18h30, enfin le camp. Aquilino nous invite au thé du réconfort. Je suis prostré, Jean me regarde d’un oeil peiné. Un zombie, jamais il ne m’a vu dans un tel état. Ils parlent du sommet et de la barre rocheuse, mais je n’accroche aucun mot. Je n’ai rien mangé de la journée (depuis le petit déjeuner), à peine effleuré ma gourde. Je sors m’étendre dans ma tente en attendant le dîner. Gonzalo vient s’enquérir de mon état, prononce foule de mots en espagnol, je n’en saisis aucun. Sans doute des phrases de réconfort et de félicitations. Geste sympathique, mais je n’en ai cure. Maintenant je sais ce qu’est une victoire à la Pyrrhus, gagner en laissant une plaine jonchée de cadavres. J’ai couru 40 000 km dont 15 marathons, passé au cours des 8 dernières années, un an en montagne, jamais je n’avais autant donné pour atteindre un but. Je pense avec effroi au Sajama, programmé dans trois jours. Comment récupérer ? Pour un marathon, il faut un mois. Et pour une telle course ? Une vie peut-être.

 

Pour JB, j’ai commis l’erreur d’essayer de suivre Pascal. Il est certain que l’épisode de l’Aconcagua, où Pascal m’avait qualifié de looser, était bien ancré dans mon esprit au début de l’ascension, et qu’en cours de montée, j’ai haussé le rythme pour doubler Anne et JB. Comme si en suivant Pascal de près, j’effaçai l’échec argentin. Parallèlement, je m’étais promis de ramener un caillou sommital à Céline.
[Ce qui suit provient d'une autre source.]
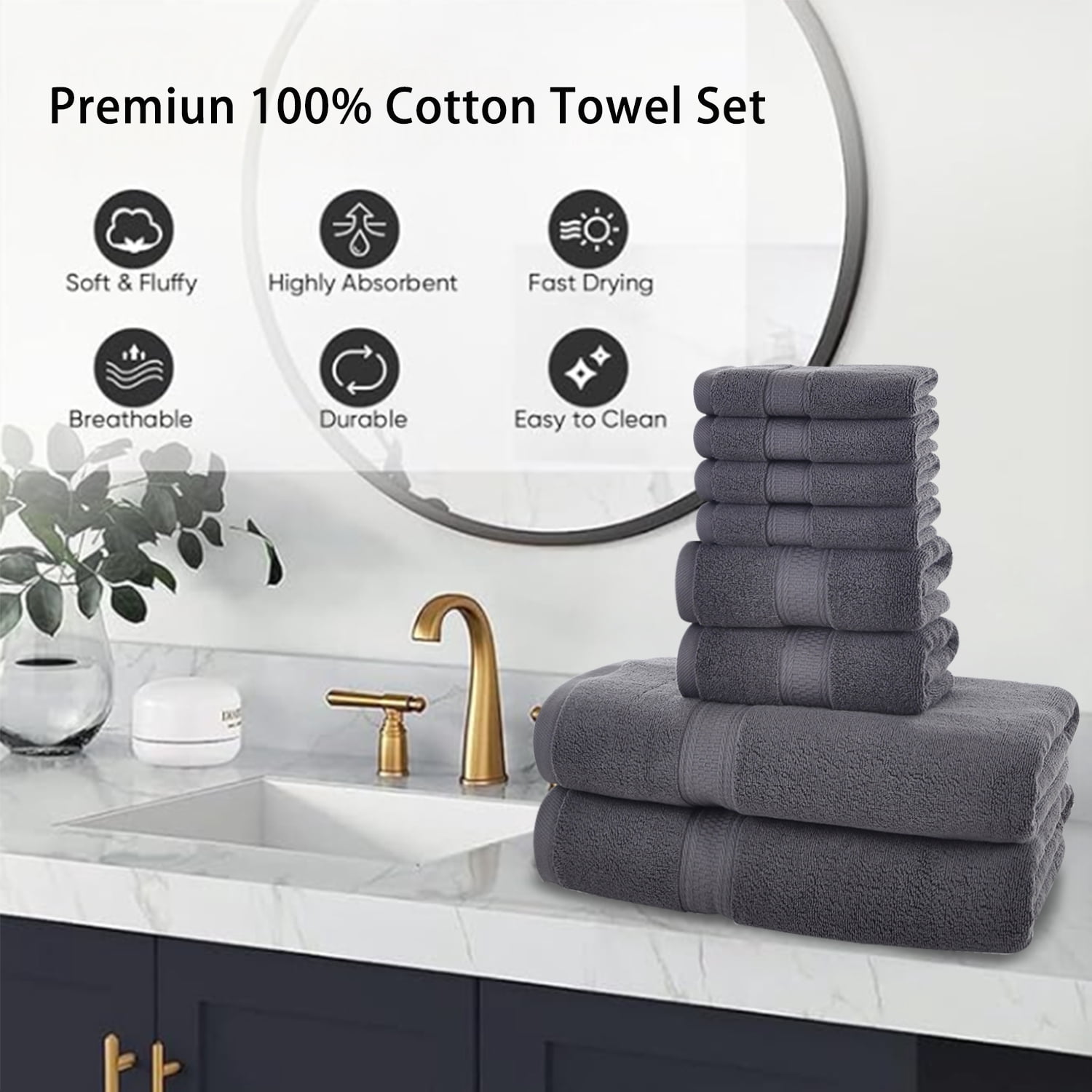 JML Dark Gray Bath Towel Set of 8 Pieces - 100% Cotton Highly Absorbent Towels for Bathroom, 2 Soft Bath Towels, 2 Hand Towels, 4 Washcloths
Au sommet mon cerveau était exsangue, ce voeu pieu avait sombré dans l’effort qui m’avait anéanti.

 

Je tombe dans un sommeil comateux.

 

Pour clore le chapitre Parinacota, Pascal M, après cette nuit réparatrice, m’apprendra qu’au sommet, Gonzalo l’a félicité. Je ne comprends pas son désintéressement à l’égard des trois suivants. Pascal B précise, qu’il s’est égaré en descendant : au col, toutes les vallées se ressemblent, chacune constellées d’empreintes. D’une coulée de lave à l’autre, il n’a rejoint le camp qu’une heure avant nous.